(Captioned web images)
::::::

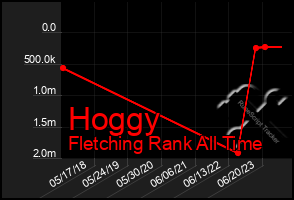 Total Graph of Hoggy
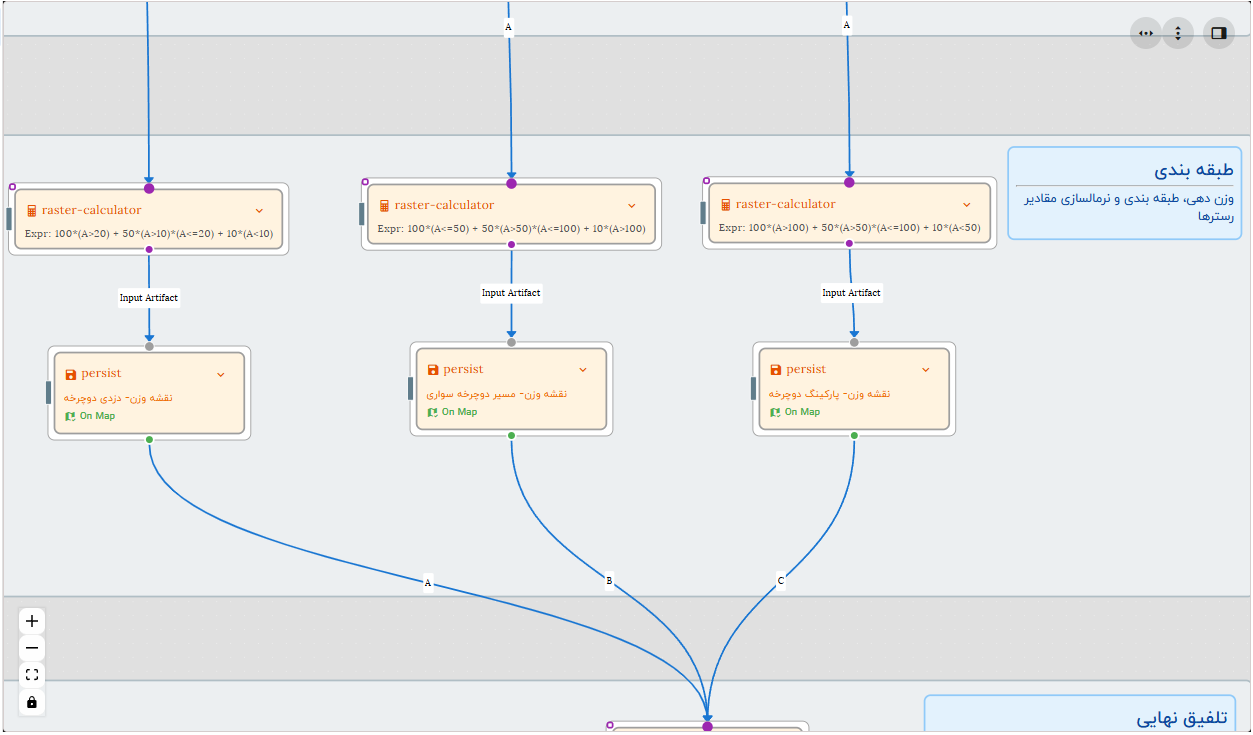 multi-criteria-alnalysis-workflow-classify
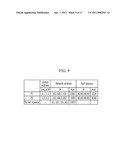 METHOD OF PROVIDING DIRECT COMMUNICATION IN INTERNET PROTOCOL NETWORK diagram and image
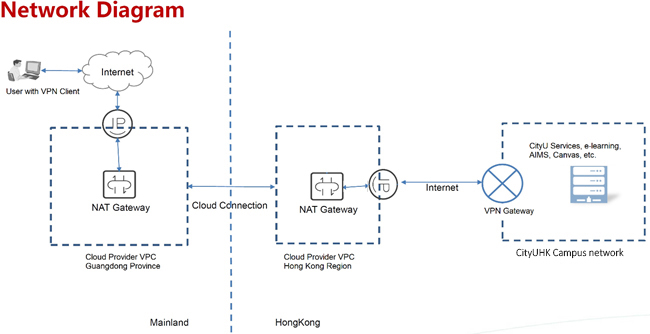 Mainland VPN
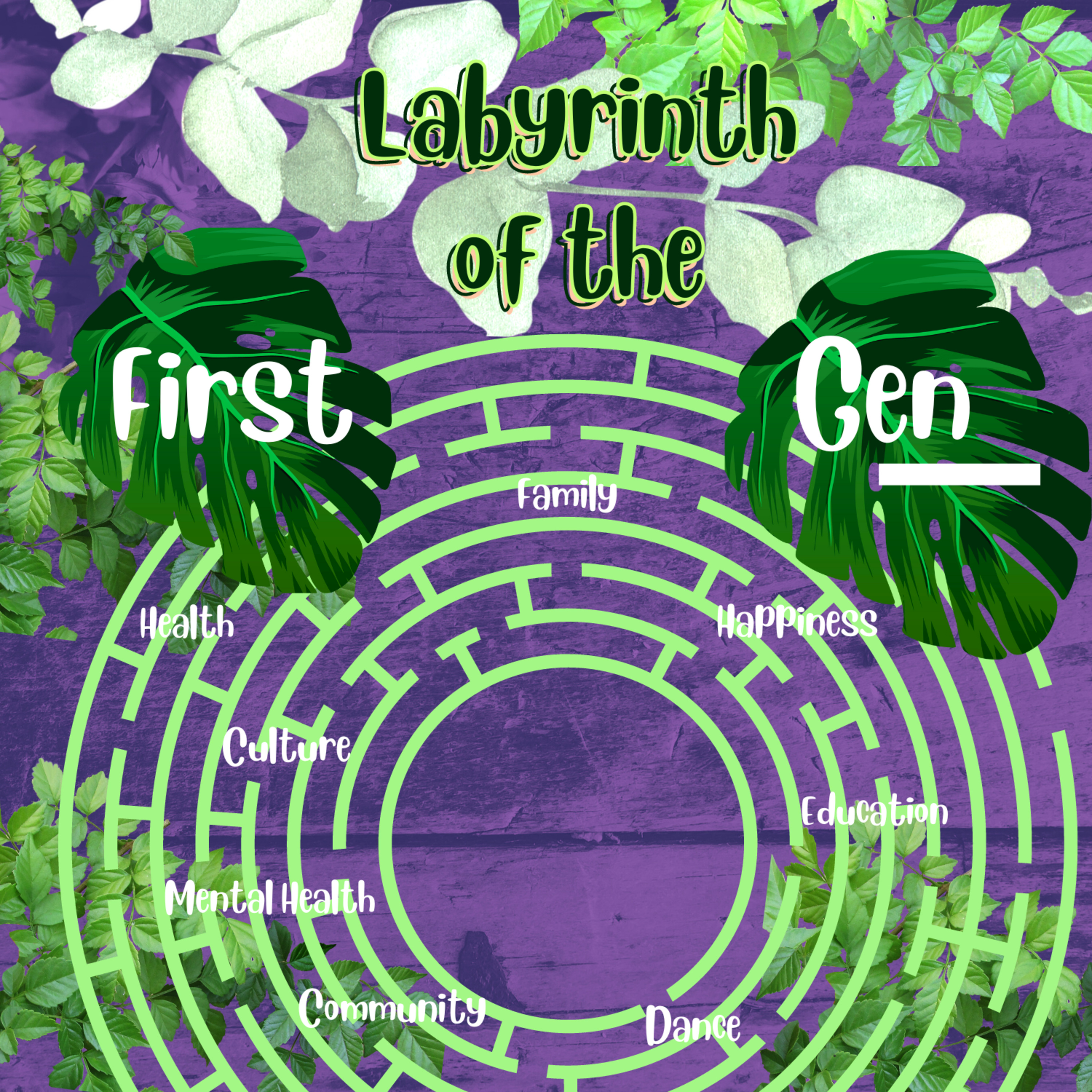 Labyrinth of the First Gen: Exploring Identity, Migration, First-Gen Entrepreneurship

::::::

• **Exercise description**: Every record gets retyped exactly; no picture goes into the copy.

• **Solution below**:
 Total Graph of Hoggy
 multi-criteria-alnalysis-workflow-classify
 METHOD OF PROVIDING DIRECT COMMUNICATION IN INTERNET PROTOCOL NETWORK diagram and image
 Mainland VPN
 Labyrinth of the First Gen: Exploring Identity, Migration, First-Gen Entrepreneurship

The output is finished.